Heroes & Villains, Op. 7(r)
Heroes & Villains, Op. 7(r)
for Wind Ensemble (22.214.171.124.4, 126.96.36.199.1, T+4, Pno., Cb./E. Bass)
Opus 7(r), 2010, rev. 2021
To be recorded by John Zastoupil and the Missouri State University Wind Ensemble
- Heroes - Villains - Heroes - Villains00:00
Superheroes. Supervillains. Superpowers. Supercool gadgets.
Sinister plots. Alter egos.
And epic battles of good versus evil.
Our imaginations are powerfully drawn to the hero archetype—whether historical, legendary, mythical, or fictionalized.
“Heroes & Villains” celebrates the hero’s journey with a dramatic cinematic soundscape that may well be the soundtrack to your favorite hero story. It tells a story, but the piece is not programmatic. Allow the music to ignite your imagination as you visualize your own storyline.
Structurally, the piece is in a quasi sonata-allegro form, which traditionally takes us on a journey. It has a somewhat “classical” exposition, development, recapitulation, and coda. Listen for the various themes of the exposition... the exploration of different key centers and the fragmentation of themes in the development... the triumphant return of the principle themes in the recapitulation, as well as the contrapuntal combination of two of them... and finally, the exciting, rousing coda to cap it all off!
History of the Work
Heroes & Villains began over 20 years ago as a student composition for orchestra under the very uninspired title of Orchestral Sketch No. 1. It was a valiant student effort, and had some good material—most of which made it, in some form, into this final version of Heroes & Villains. At the time, my dream was to become a film composer, and I put all my hopes and aspirations into the work.
The (Southwest) Missouri State University Orchestra performed my Orchestral Sketch No. 1 in the Spring of 2000, which provided a wonderful learning opportunity for a developing composer. It was my first large ensemble work, and would otherwise be designated Opus 1 if I still considered that early work as part of my catalog.
Several years later, then living in Los Angeles, I began my first foray into writing for band and wind ensemble, and I decided to revise, adapt, and rename my Orchestral Sketch to the more evocative and fitting Heroes & Villains. This was around 2010, and my Opus 7 designation comes from this timeframe, though it has changed a lot since then, going through about 3 different significant revisions in the intervening years.
The 2010 version won a couple of small competitions, including the 2010 Penfield Music Commission Project Composition Contest and was premiered by the Penfield High School Wind Ensemble on May 27, 2010 under the direction of James Doser. It also won the 2011 Cal-State Bakersfield Composition Composition and was performed by the Cal-State Bakersfield Community Concert Band that same year.

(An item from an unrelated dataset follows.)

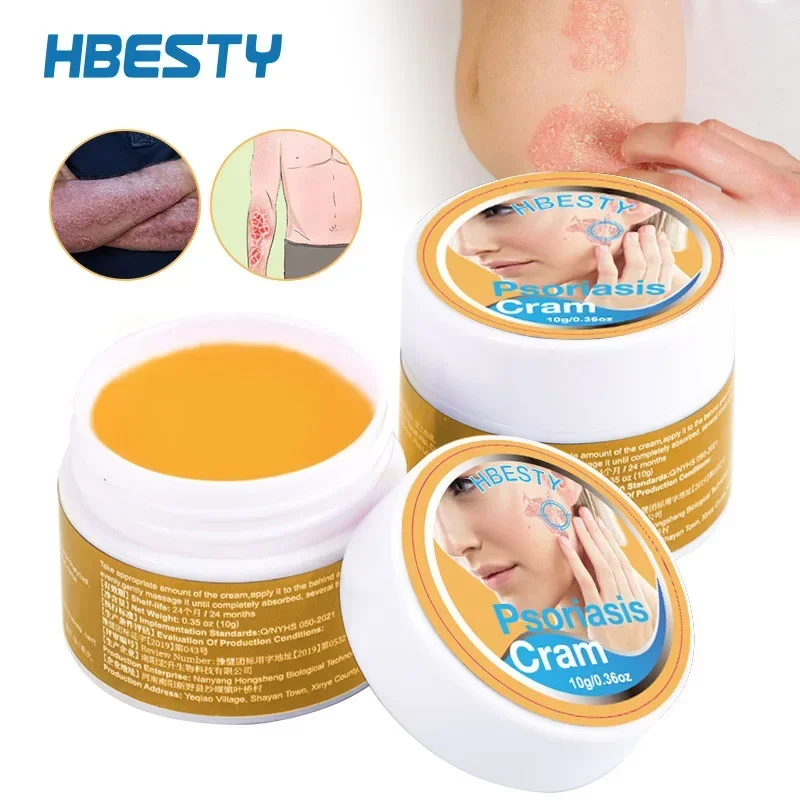 Herbal Anti-itch Psoriasis Treatment Ointment Eczema Hand Foot Tinea Against Fungi Itching Dermatitis Skin antipruritic Cream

Despite the positive feedback, I still felt the work could be better. But due to other projects, I allowed the piece to gather dust on my hard drive for several more years. During that time (in 2011), I had the opportunity to score a short film entitled Malice, about a 12-year-old girl who aspires to be a super-villain. (Spoiler alert: she later decides to be a hero instead!) The filmmakers loved the audio from my Orchestral Sketch No. 1 / Heroes & Villains, and wanted me to write something along those lines. The resulting theme for Malice fit so perfectly with Heroes & Villains, and gave me further ideas for development, that I knew I had to incorporate it into the piece. This is the first thematic section up to bar 29. None of that material (nor later references to it) existed in the 2010 version of the work.
But life—as it sometimes does—took another direction, and I spent a few years in Mexico (plus one on cruise ships) as a performing musician. I hardly composed at all during that time, but did do a lot of jazz arranging. Then, in 2019, after moving to Dallas, I finally created the new Heroes & Villains. But it wasn’t until finishing my Master’s in Composition from Southern Methodist University two years later, that I had the experience— as well as valuable feedback from Dr. Jack Delaney, the director of the Meadows Wind Ensemble—to take one more look at the work, and revise it for playability, clarity of notation, and refinement of orchestration, as well as completely re-engraving it in Dorico.
At last, I consider this piece done. I believe it fulfills my intention to write a good solid piece that is cinematically inspired, evokes powerful imagery, is approachable by really good high school ensembles, and is loads of fun to work on and perform. I'm not an expert at grading music, but I believe it sits somewhere between a Grade 4 or Grade 5 work. It has its challenges, but nothing insurmountable for good, developing musicians.